__The problem__. Only the lines from the one with "Ekspedisi Container Jakarta Ternate" through the end of the material are wanted, copied exactly and with the pictures left out.
==== Records supplied ====
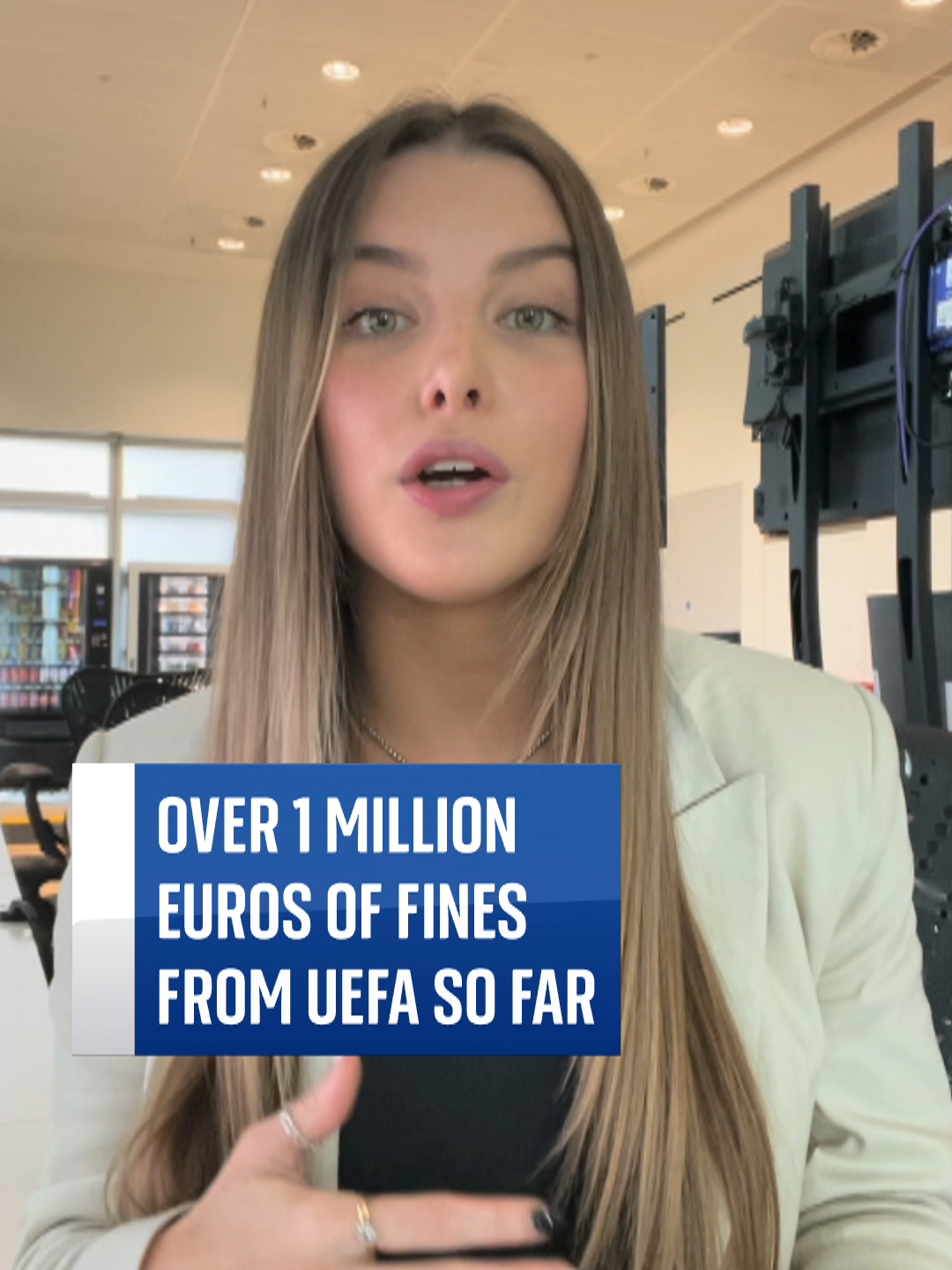 UEFA have revealed over €1m worth of fines were given to teams during the Euros group stage due to fans breaching rules #UEFA #footballtiktok #englandfootball #EURO2024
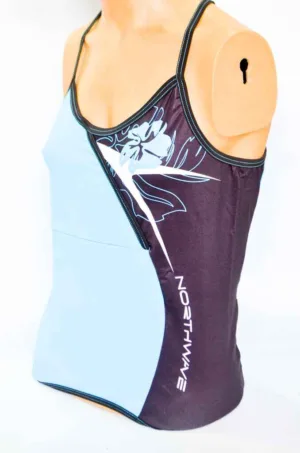 Maiou Flower albastru marime L Northwave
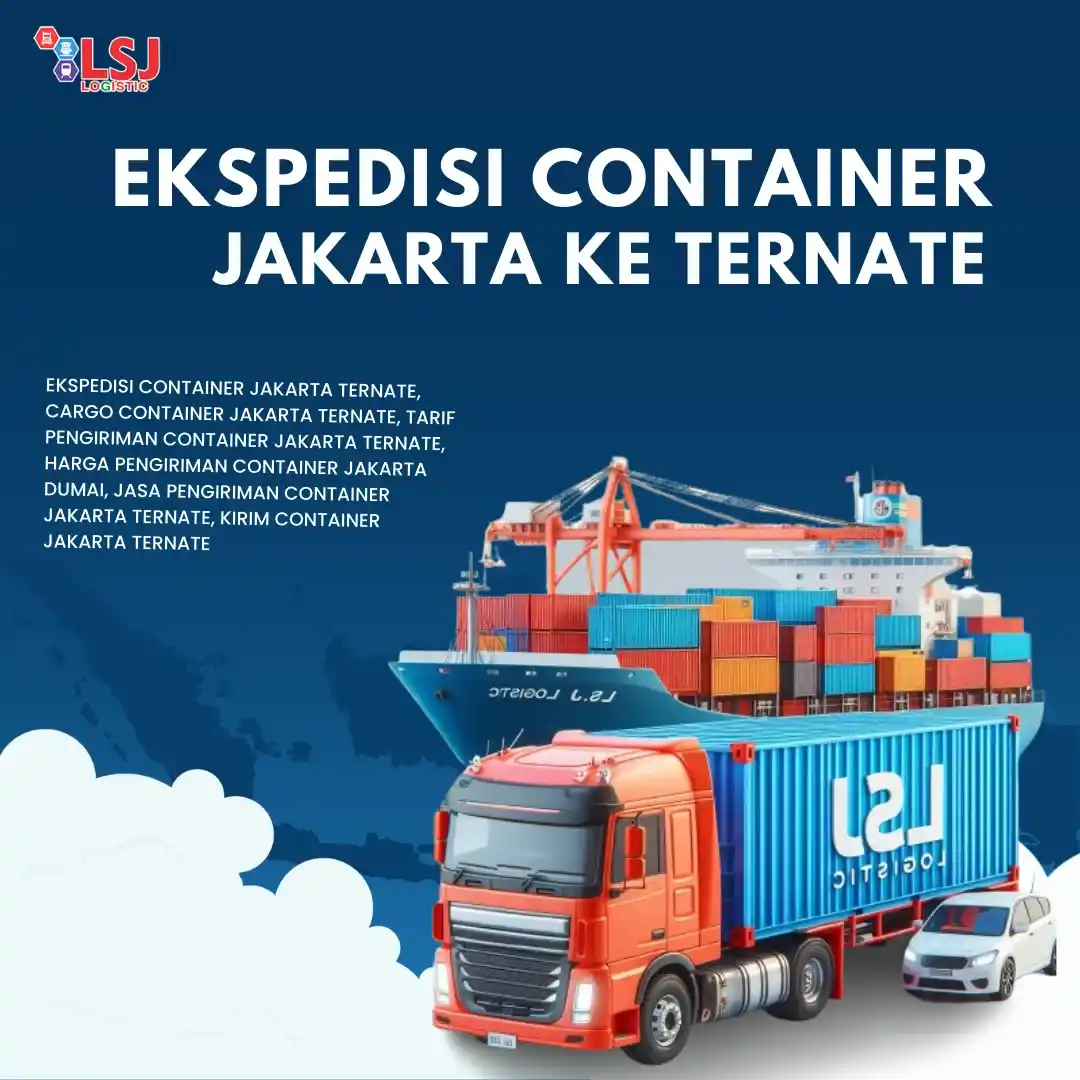 Ekspedisi Container Jakarta Ternate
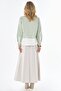 Garnili Cotton Blouse Green - 5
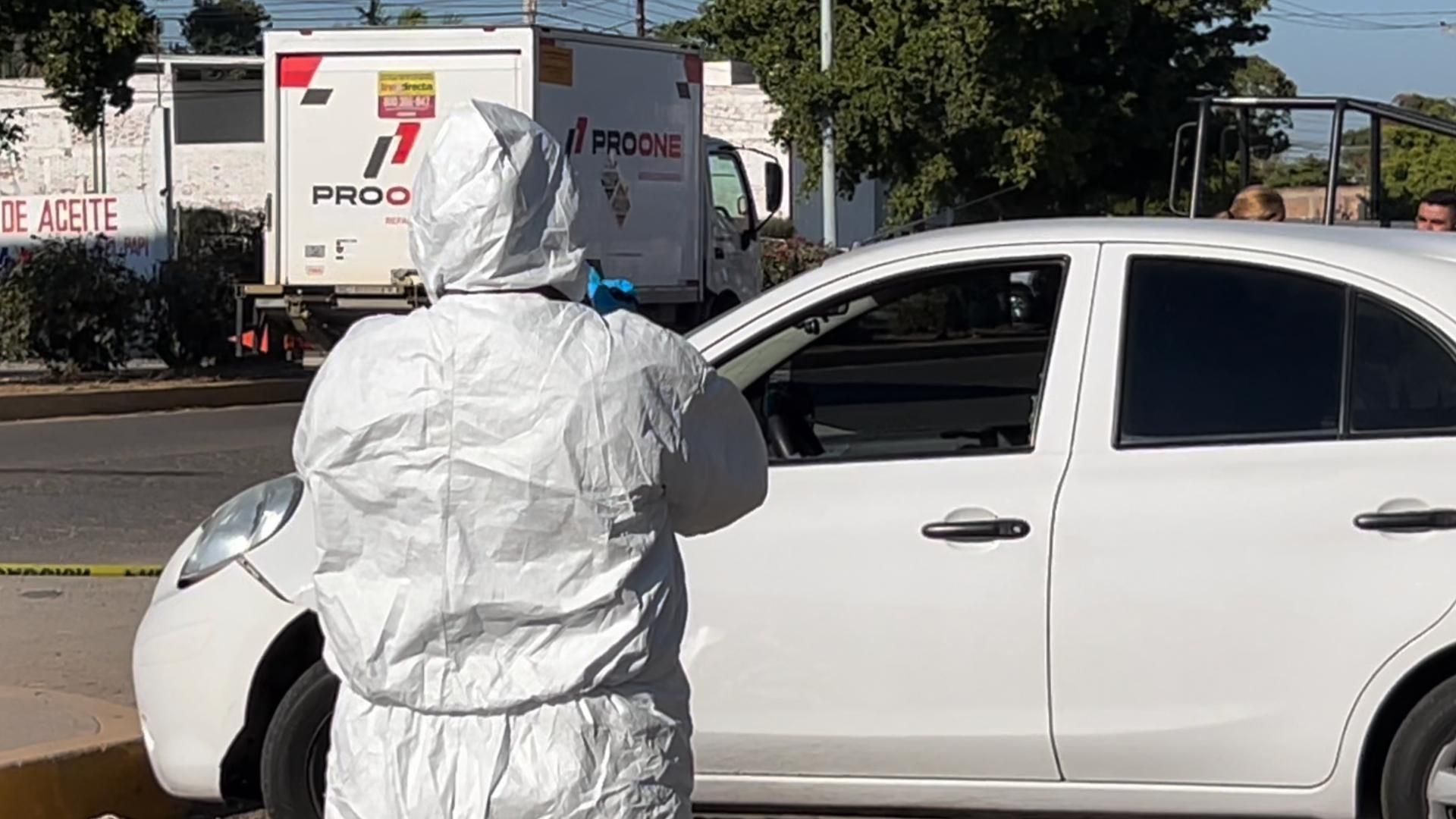 Mujer es Asesinada a Balazos Frente al Hospital General de Los Mochis, Sinaloa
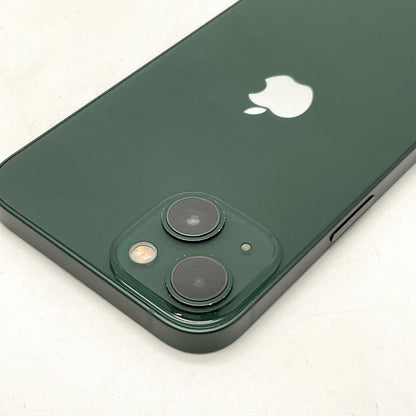 【全額返金保証】【最速発送】Apple iPhone iPhone 13 128GB グリーン Softbank SIMフリー 白ロム 美品 動作確認済 82%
====
__Exercise answer__.
 Ekspedisi Container Jakarta Ternate
 Garnili Cotton Blouse Green - 5
 Mujer es Asesinada a Balazos Frente al Hospital General de Los Mochis, Sinaloa
 【全額返金保証】【最速発送】Apple iPhone iPhone 13 128GB グリーン Softbank SIMフリー 白ロム 美品 動作確認済 82%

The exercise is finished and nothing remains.